*** Opening of Recorded information ***

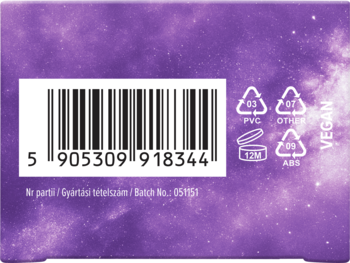 Tył fioletowego opakowania bronzera z kodem kreskowym, numerem partii, symbolami recyklingu i napisem VEGAN.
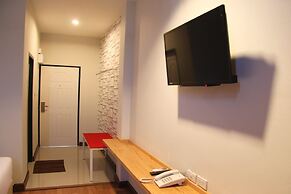 The Zell Budget Hotel Buriam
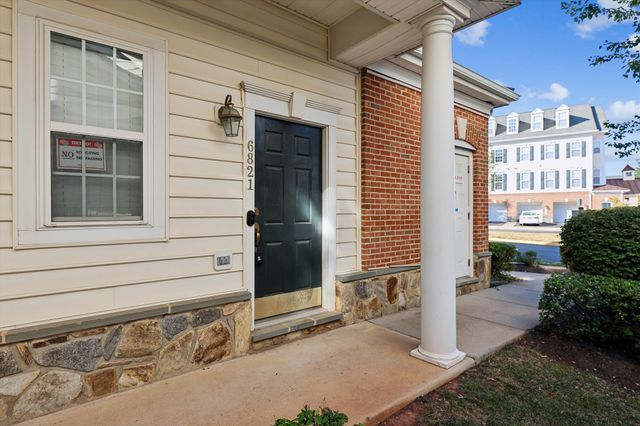 6821 HAMPTON BAY LN, Gainesville, VA 20155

*** Close of Recorded information ***

Requirement: Output the full material exactly as given, without its pictures.

Finished task:
 Tył fioletowego opakowania bronzera z kodem kreskowym, numerem partii, symbolami recyklingu i napisem VEGAN.
 The Zell Budget Hotel Buriam
 6821 HAMPTON BAY LN, Gainesville, VA 20155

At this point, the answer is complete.